The event was held to coincide with the launch of the Mayo Sports Partnership Strategic Plan ‘Increasing the involvement of people with a disability in sport’. Basketball, adapted athletics, wheelchair basketball, adapted dance, bocce and curling were all on the menu, and the 65 participants had a ball in the Lakeside Sports and Fitness Centre.
“I think you know things are going well when kids don’t want to go home,” explains Ray McNamara, Sports Inclusion Development Officer with Mayo Sports Partnership. “I think we went an hour over time. I got a good kick out of that [day] and it went down very well. If people aren’t running out the door to get away from you, if people are enjoying it, that gives you the confidence to do more.”
McNamara’s main task is to increase opportunities for people with a disability to participate in sport and physical activity. His office is on the top floor of Cedar House in Moneen, Castlebar, next to Roadstone, but much of his work takes him out and about.
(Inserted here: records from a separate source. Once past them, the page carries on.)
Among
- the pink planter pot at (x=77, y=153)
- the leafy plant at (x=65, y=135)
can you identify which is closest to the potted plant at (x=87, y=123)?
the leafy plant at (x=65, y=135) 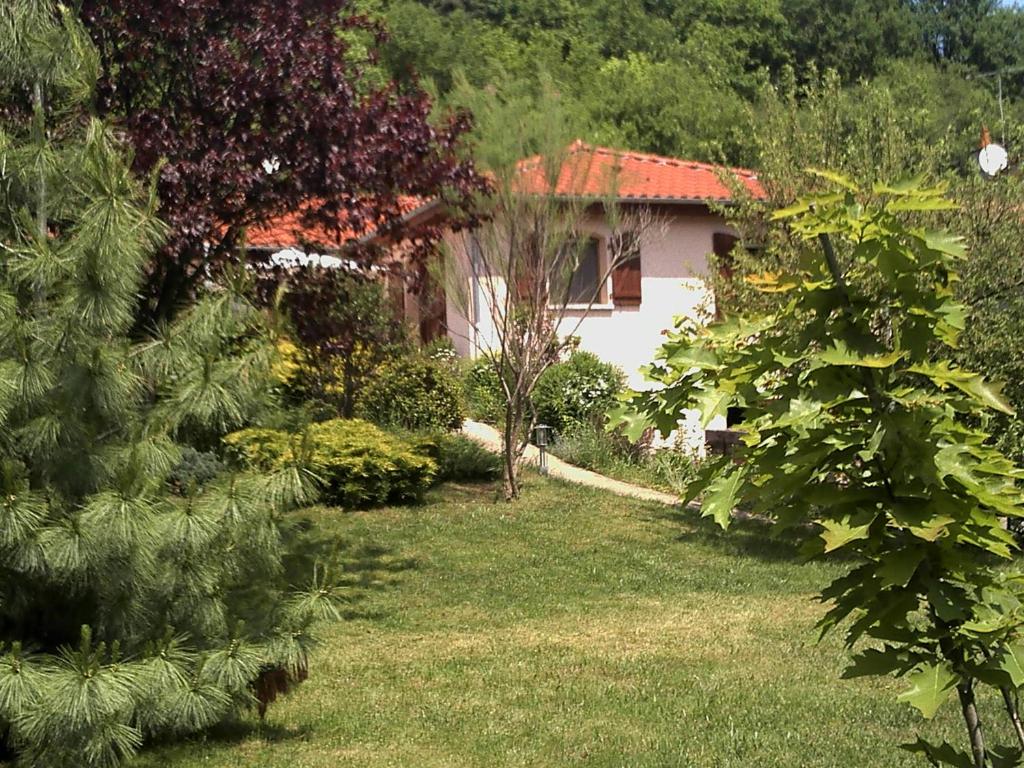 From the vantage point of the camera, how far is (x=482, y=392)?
61.7 ft

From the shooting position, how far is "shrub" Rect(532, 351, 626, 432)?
17.8 m

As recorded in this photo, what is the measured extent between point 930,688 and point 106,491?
3689 millimetres

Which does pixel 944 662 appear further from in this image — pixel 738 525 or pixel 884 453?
pixel 738 525

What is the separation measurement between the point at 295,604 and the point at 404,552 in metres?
5.97

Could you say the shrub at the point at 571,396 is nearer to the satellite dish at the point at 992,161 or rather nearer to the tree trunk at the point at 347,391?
the tree trunk at the point at 347,391

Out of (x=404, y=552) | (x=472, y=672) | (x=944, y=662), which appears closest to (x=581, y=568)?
(x=404, y=552)

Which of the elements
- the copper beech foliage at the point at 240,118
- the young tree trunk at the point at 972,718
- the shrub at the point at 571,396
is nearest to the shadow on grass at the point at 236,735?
the copper beech foliage at the point at 240,118

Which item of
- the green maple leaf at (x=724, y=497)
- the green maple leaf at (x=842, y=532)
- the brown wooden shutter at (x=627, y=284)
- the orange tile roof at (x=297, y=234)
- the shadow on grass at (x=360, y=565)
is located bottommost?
the shadow on grass at (x=360, y=565)

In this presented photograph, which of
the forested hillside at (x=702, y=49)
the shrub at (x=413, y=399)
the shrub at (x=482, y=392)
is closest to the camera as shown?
the shrub at (x=413, y=399)

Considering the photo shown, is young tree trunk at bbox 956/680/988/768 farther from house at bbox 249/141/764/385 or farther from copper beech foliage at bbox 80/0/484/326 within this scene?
house at bbox 249/141/764/385

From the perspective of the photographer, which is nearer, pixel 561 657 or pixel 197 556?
pixel 197 556

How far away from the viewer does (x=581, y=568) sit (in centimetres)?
1139

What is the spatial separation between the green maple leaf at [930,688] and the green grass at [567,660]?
3218mm

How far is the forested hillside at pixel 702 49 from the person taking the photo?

As well as Ballinrobe, the job has taken him to Swinford, Castlebar and Breaffy.
Now a new series of programmes are being rolled out for the autumn, and two projects in Westport are on the immediate agenda. One is an integrated gymnastics club ‘open to both abled and disabled people’ in Westport Leisure Park, where McNamara worked for eight years before taking on his current role last April. The other involves Westport Swimming Club, who are setting up a branch of the club for people with disabilities, ‘so that they’ll [all] be able to train at the same time and they’ll have their own coach’.
Elsewhere, the HOLD (Helping Ourselves Live with Disaibilities) group in Charlestown will be starting fitness activities and bocce this month. In Belmullet, a Sports Ability Day (run in association with Irish Wheelchair Association) has been scheduled for October 3, which is ‘open to anybody with a disability who’d like to come along’. McNamara is running disability awareness training in Óstán Oileáin Acla in his native Achill on Tuesday week, September 23, and in Westport Leisure Park on Friday, October 10.
“It’s about giving coaches and leisure centres the confidence to adapt some of the activities they do to include people with disabilities,” he explains. “With some coaches, there’d probably be a fear factor there – people wondering ‘how do I do it?’ or ‘what do I do?’. Disability awareness training is about informing the coaches that people with disabilities are well capable of participating in sport and physical activity.”
McNamara has spent the last two years acting as physical trainer for the Mayo senior hurling team, who came within a whisker of the Christy Ring Cup final recently. He believes the same principles apply in all forms of coaching.
“If you were [teaching] a skill, you might have to break down the skill right down to basic level to achieve success,” he says. “The important thing is that you create an environment where you achieve success. So if [the task involves] passing the ball back and over, the two people involved might have to stand closer together to ensure that the task is completed. You might have a little bit of trial and error, but you have that in ‘everyday’ sport as well.”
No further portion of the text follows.